Struck-by injuries are the leading cause of nonfatal injuries and the second most common cause of fatalities among construction workers, costing over $1.7 billion in workers compensation costs in 2016. These injuries occur when a worker is struck by a moving vehicle, equipment, or by a falling or flying object.
For construction workers, the risk of nonfatal struck-by injuries is twice the risk of all other industries combined, and construction workers have the highest number of fatal struck-by injuries compared to any other industry. Employers and employees can work together to raise awareness and prevent struck-by injuries.
Which struck-by events most commonly cause non-fatal injury?
Compared to all other industries, construction workers have the highest rate of nonfatal struckby injuries at 2.7 per 10,000 Full-Time Equivalent (FTE) workers. The most common sources of nonfatal struck-by injuries involved solid building materials, powered and non-powered hand tools, and scrap/waste/debris. The rate of nonfatal struckby injuries is highest among helpers, sheet metal workers, heating and air conditioning mechanics, and ironworkers (see Figure 1). Most nonfatal struck-by injuries (96%) are caused by falling or flying objects, or equipment. The most common events leading to a non-fatal injury include being struck by handheld objects or equipment (36%), falling objects or equipment (29%), and discharged or flying objects (14%).

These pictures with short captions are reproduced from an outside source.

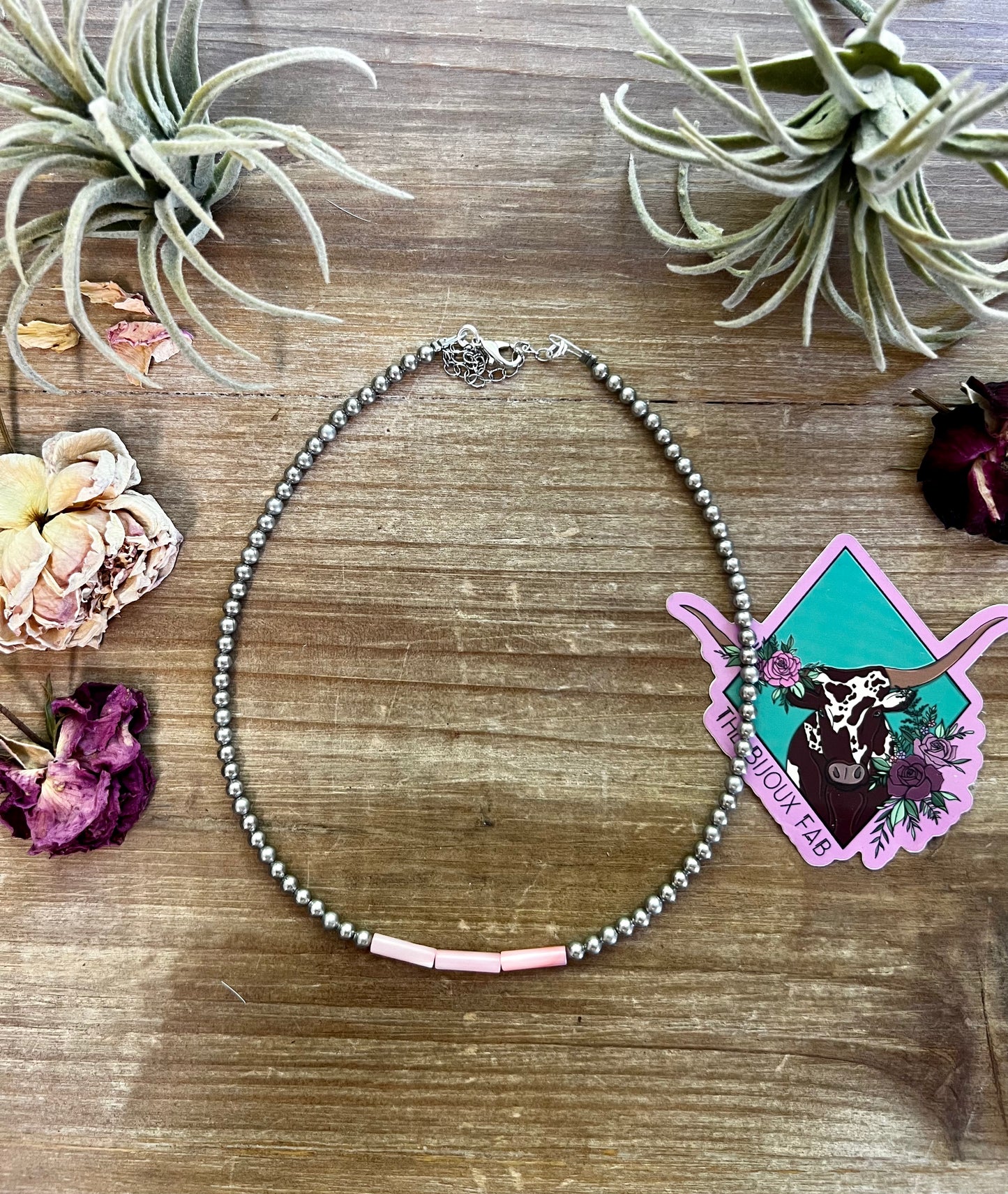 Silver plated choker with pink shell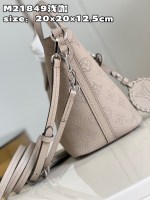 Louis Vuitton Blossom PM - Image 7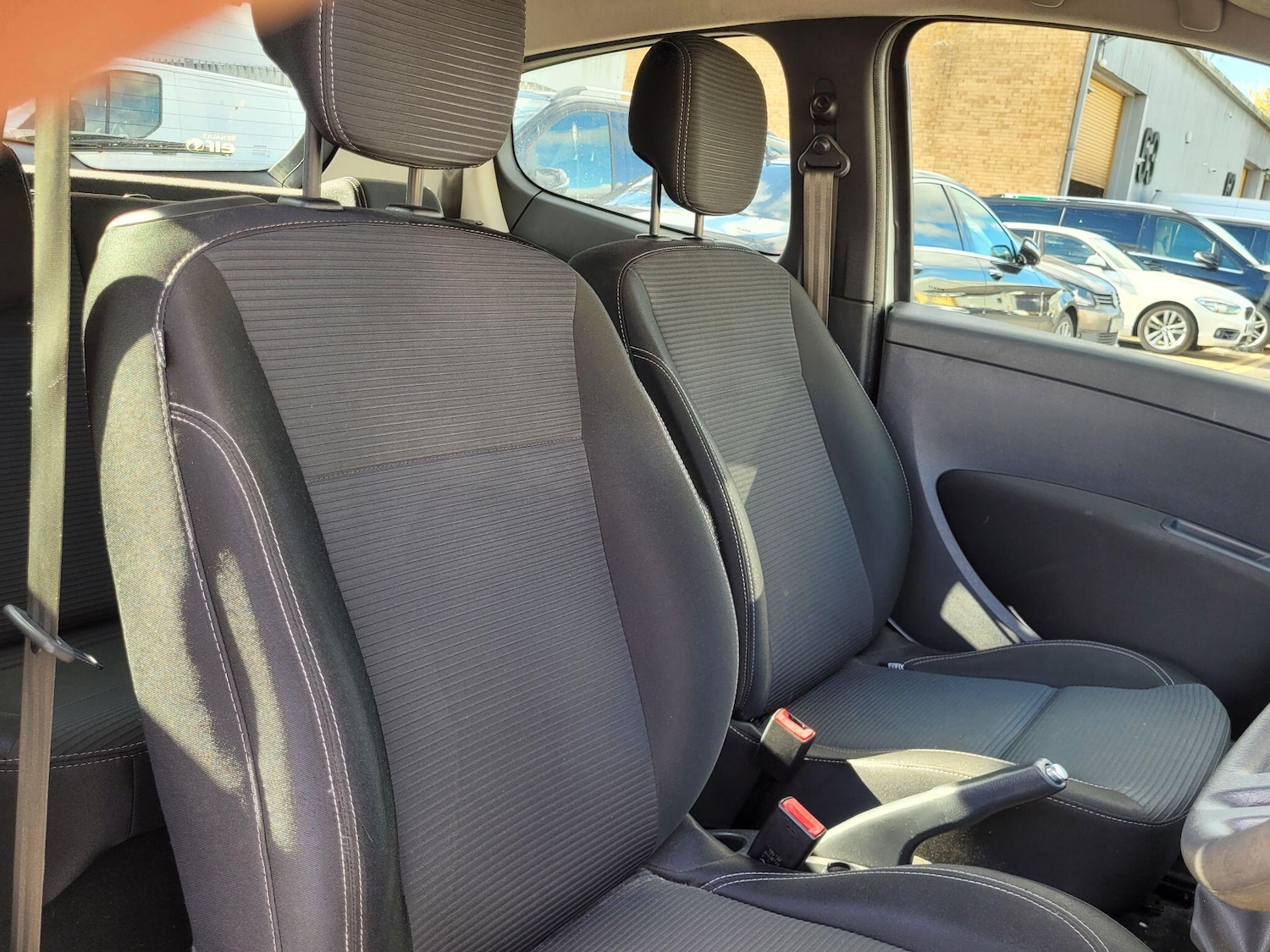 Used Renault Clio 2012 for sale - 76348763: Photo 9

Which struck-by events most commonly cause fatal injury?
Fatal struck-by injuries occur when a motor vehicle intrudes into a work zone or when construction vehicles and heavy equipment operate within a work zone. About half of fatal struck-by injuries were caused by a pedestrian being struck by a vehicle (384 fatalities or 48%). In comparison to non-fatal injuries, about half of the non-work zone fatalities involve a falling object or equipment (51%) and 33% involve a powered vehicle not in transport (see Figure 2).

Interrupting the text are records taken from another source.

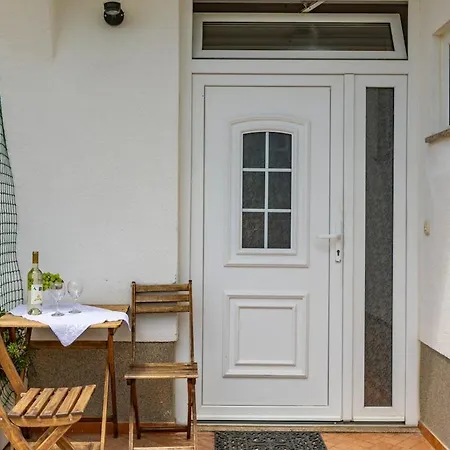 Apartment Mirjana Za 2 Osobe, Kornic, Otok Krk *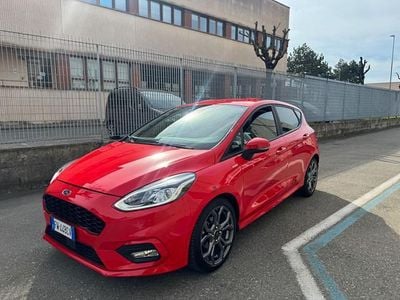 Usata Ford Fiesta ST-Line 86 CV (63 kW) 2019 Rosso pastello Utilitaria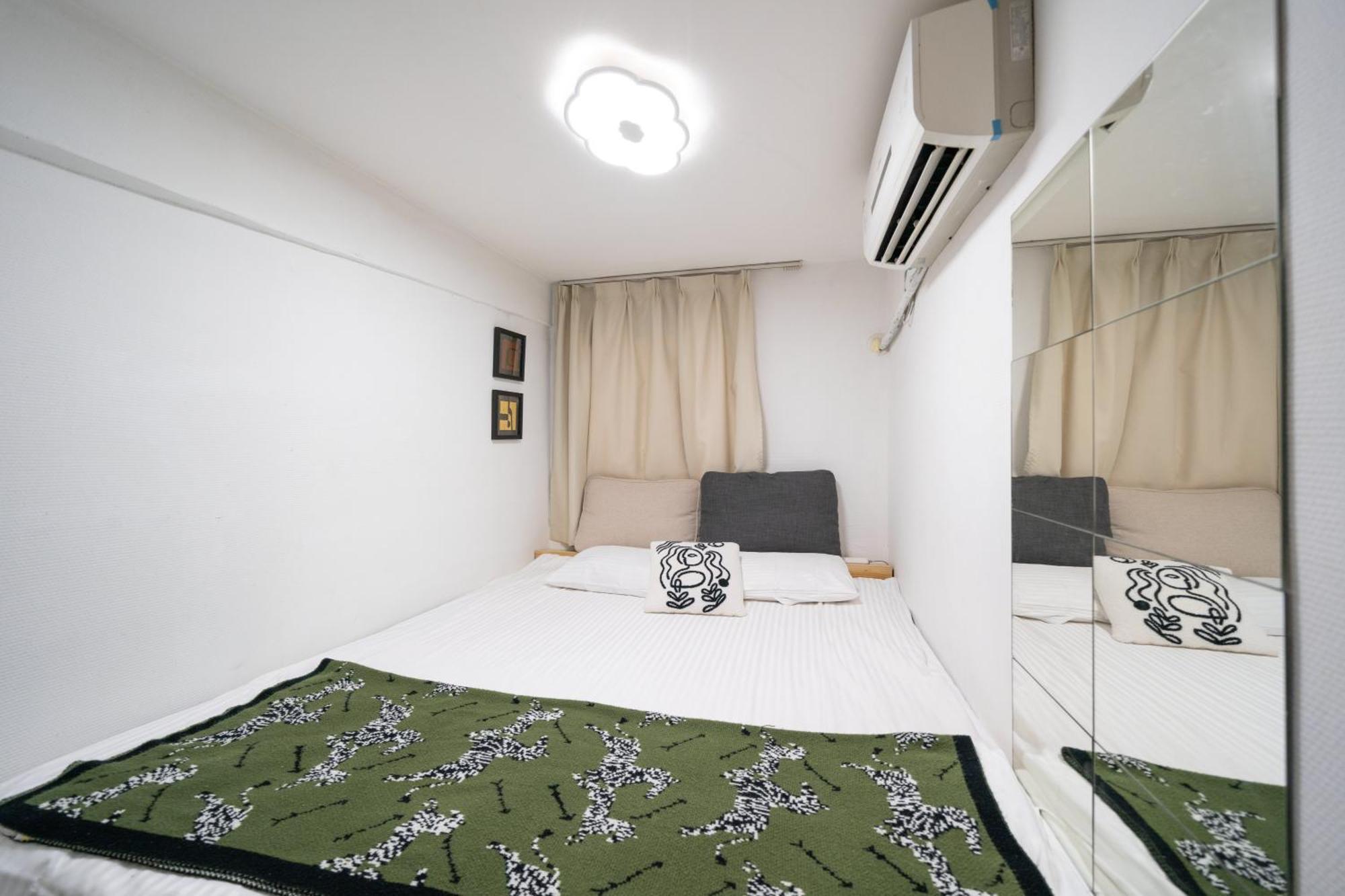 Apartment Downtown Yi Du - Near South Shaanxi Road Metro Station 600meters *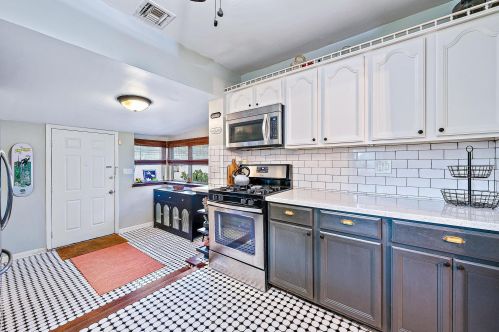 327 28 St, West Palm Beach FL  33404-4410 exterior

What can employers do to prevent struck-by injuries?
When operating heavy equipment (cranes, excavators, etc.)
▪ Determine whether the ground is sufficiently level and firm to support the anticipated weight of hoisting equipment and associated loads;
▪ Assess hazards within the work zone that would affect the safe operation of hoisting equipment such as, power lines and objects or personnel that would be within the swing radius of the hoisting equipment;
▪ Erect barriers to mark the area covered by the rotating superstructure to warn workers of the danger zone;
▪ Ensure that the equipment is in safe operating condition via required inspections;
▪ Comply with all manufacturer procedures regarding proper operational functions of equipment, including its use with attachments;
▪ Ensure safe attachment of rigging devices such as shackles, hooks, eyebolts, spreader beams and slings, wedge socket and wire rope clips;
▪ Provide seat belts when required;
▪ Ensure roadways and grades are maintained to accommodate the safe movement of equipment and vehicles;
▪ Ensure all earth-moving and compacting equipment with obstructed view does not operate in reverse gear unless the equipment has a reverse signal alarm or a worker has been designated to signal when it is safe.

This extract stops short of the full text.